Are you looking for something like NetHogs perhaps?

I haven't used it, but it seems to offer what you want. Sorry if it does not work.

----------

## pd1986

 *radius wrote:*   

> Are you looking for something like NetHogs perhaps?
> 
> I haven't used it, but it seems to offer what you want. Sorry if it does not work.

 

I mentioned that in the 2nd reply of this thread, I found nothing.

I really assume that it comes from my wifi network. I will see what happens when I get home. If it's the same, that will be my system's problem.

----------

## pd1986

Confirmed. I am right now at home and there is no received data any more. So that's the problem of the network where I work.
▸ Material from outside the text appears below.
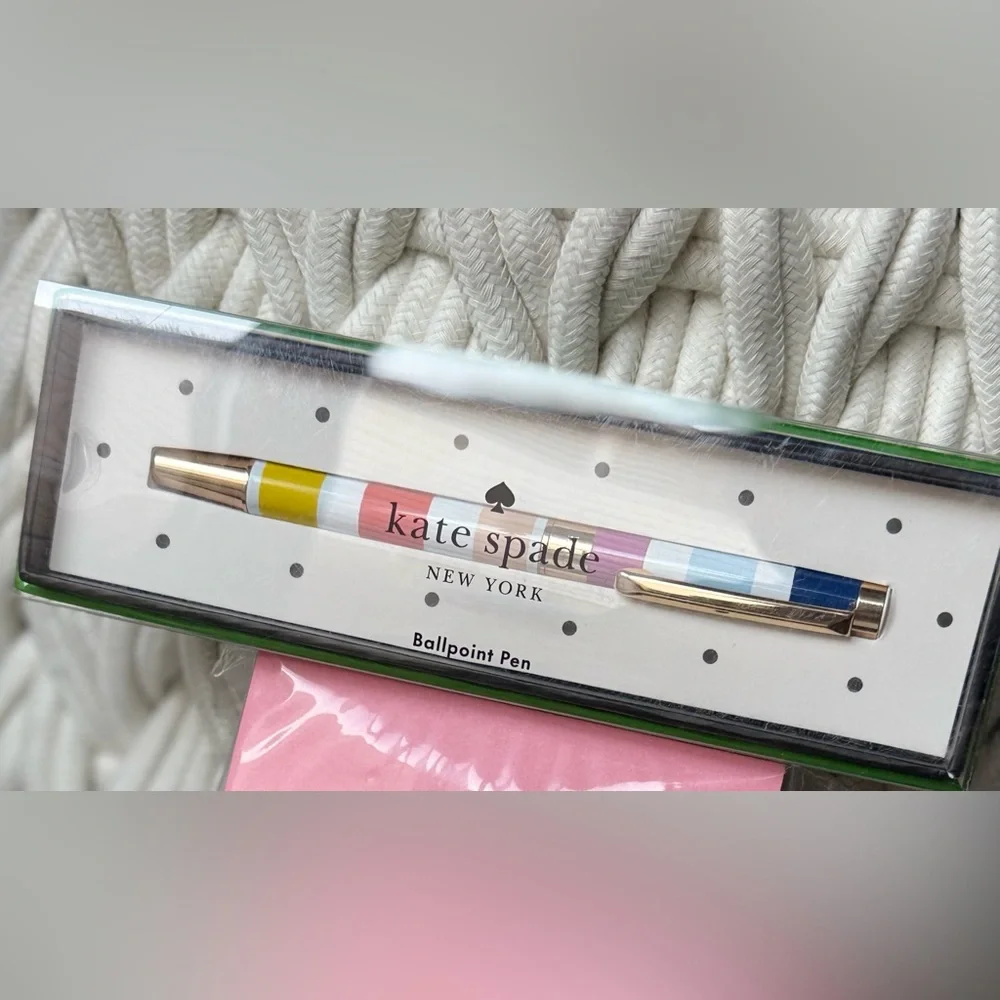 Kate Spade Multicolor Notepad and Ballpoint Pen - Picture 2 of 5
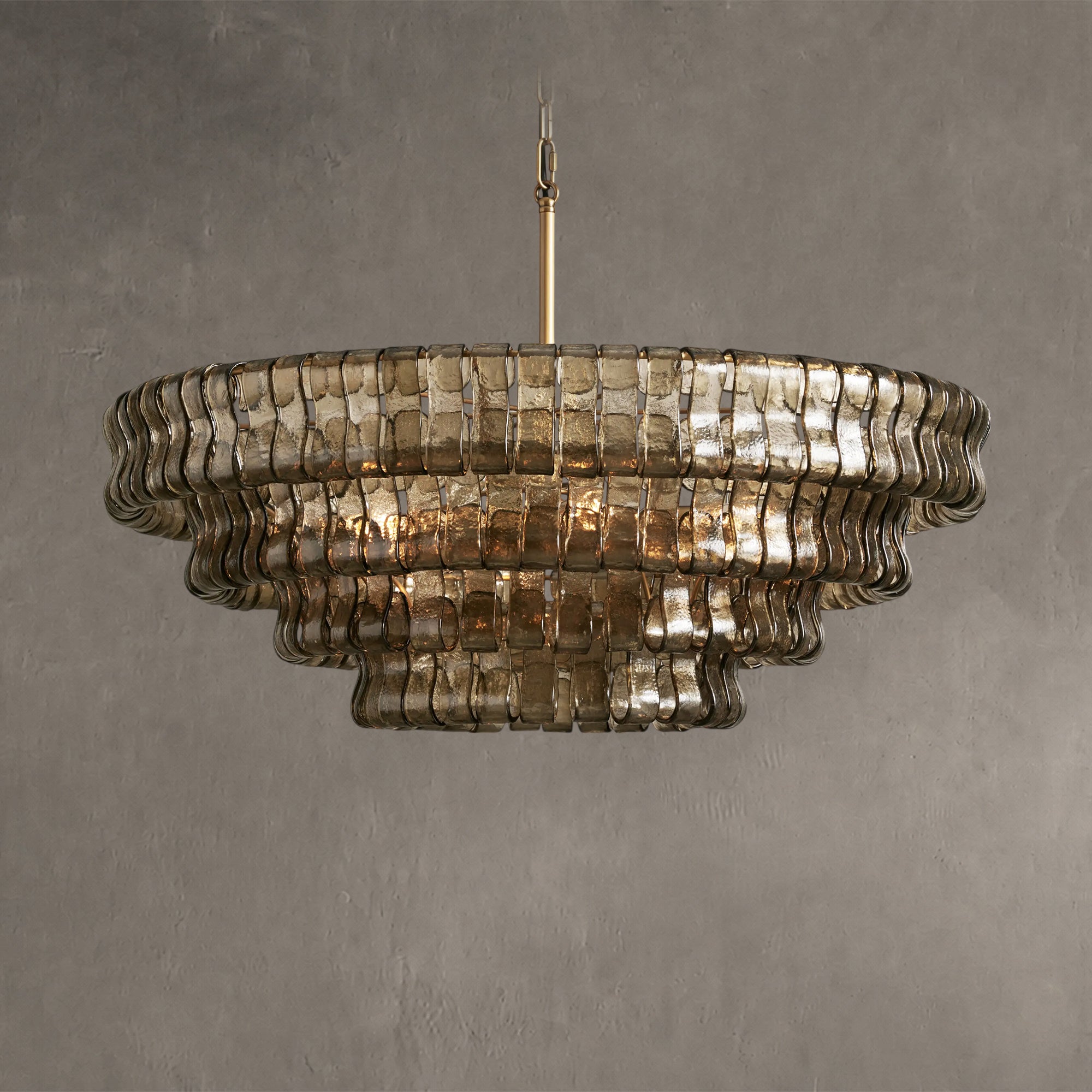 Ghiaccio Round Chandelier | Valley Lamps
What could be that? I was under attack?

----------

## Ant P.

Maybe there are other machines on that network broadcasting data?

----------

## krinn

windows machine love to broadcast things: dlna, ms sharing and pnp queries to router. on heavy network, you will get lot of "whois" query from hosts to the router itself

wireshark could have tell you who is doing what.

----------

## pd1986

 *krinn wrote:*   

> windows machine love to broadcast things: dlna, ms sharing and pnp queries to router. on heavy network, you will get lot of "whois" query from hosts to the router itself
> 
> wireshark could have tell you who is doing what.

 

Thank you very much.

----------